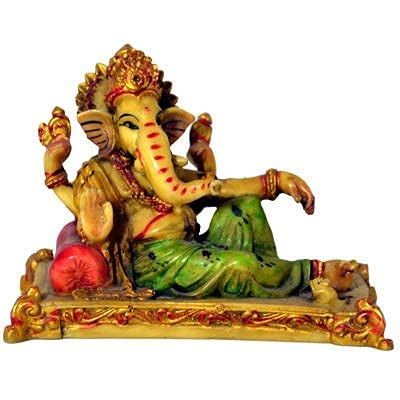santarms Beautiful Marble Colourful Lord Ganesh Resting (8 cm) Multicolour -Showpiece for Table top- Home, Temple -fine Handmade-Idol Lord Ganesha (ganapathi, Ganesh)- Best for Gifting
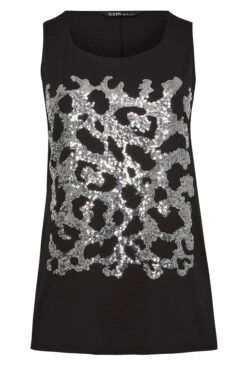 YOURS Curve Black Leopard Print Sequin Vest Top -Saga Dresses Shop dbcab4f8 95f4 4d 302092 X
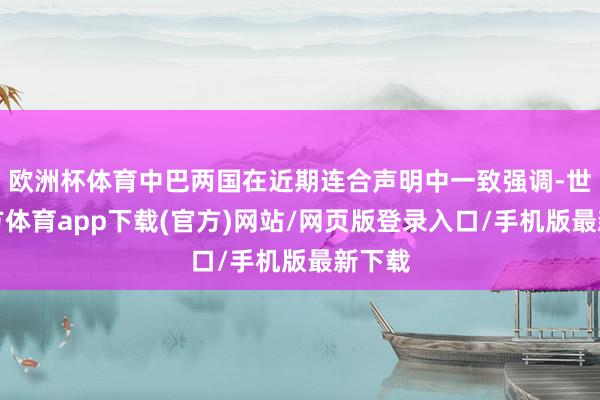 欧洲杯体育中巴两国在近期连合声明中一致强调-世博官方体育app下载(官方)网站/网页版登录入口/手机版最新下载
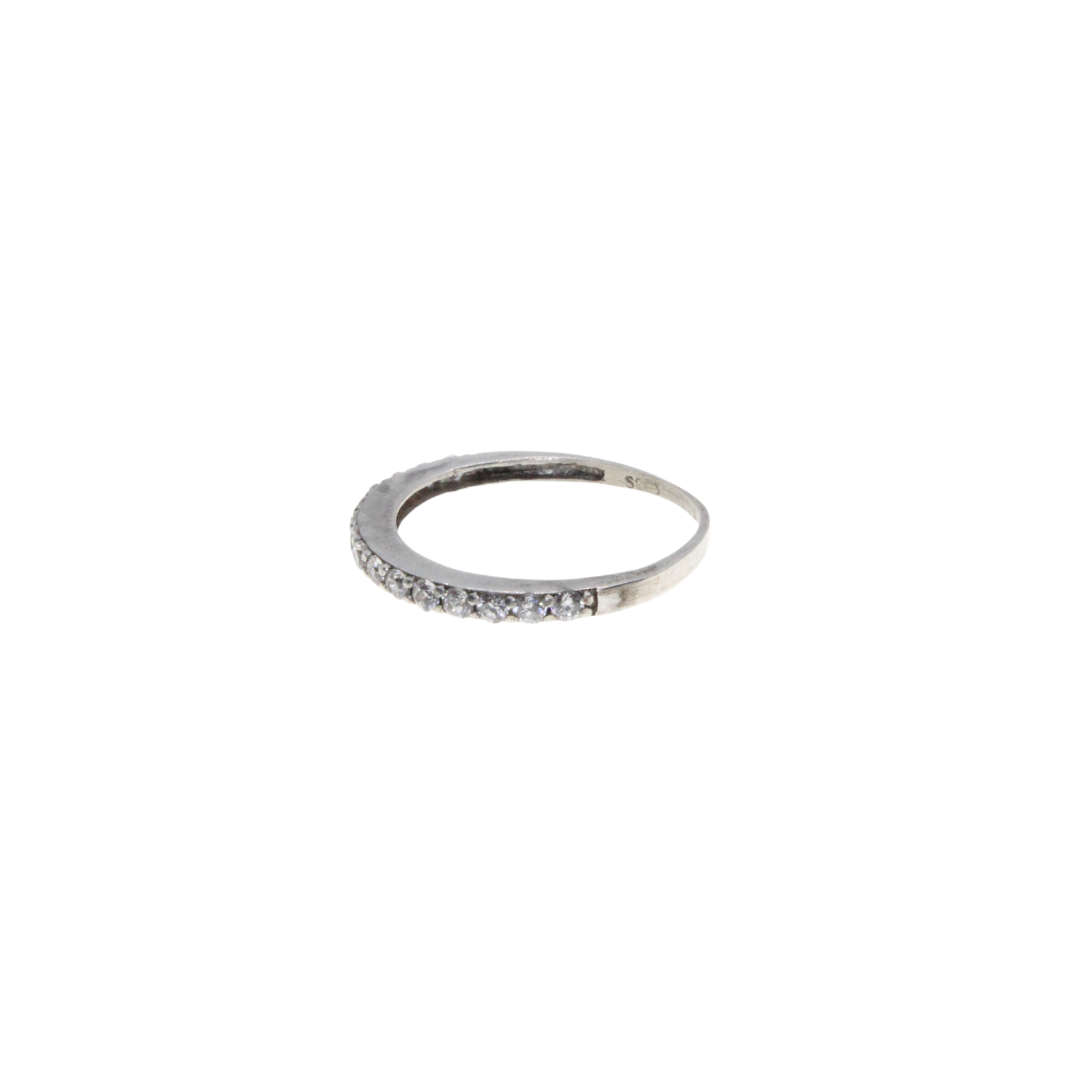 Ring - 925 Silver Eternity Ring . Half Section Diamantes - ML2940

____________

_Exercise directions_: Print, exactly as written, the lines from the one containing "欧洲杯体育中巴两国在近期连合" to the end of the material, both ends included, and nothing else; no pictures.

_Answer below_:
 欧洲杯体育中巴两国在近期连合声明中一致强调-世博官方体育app下载(官方)网站/网页版登录入口/手机版最新下载
 Ring - 925 Silver Eternity Ring . Half Section Diamantes - ML2940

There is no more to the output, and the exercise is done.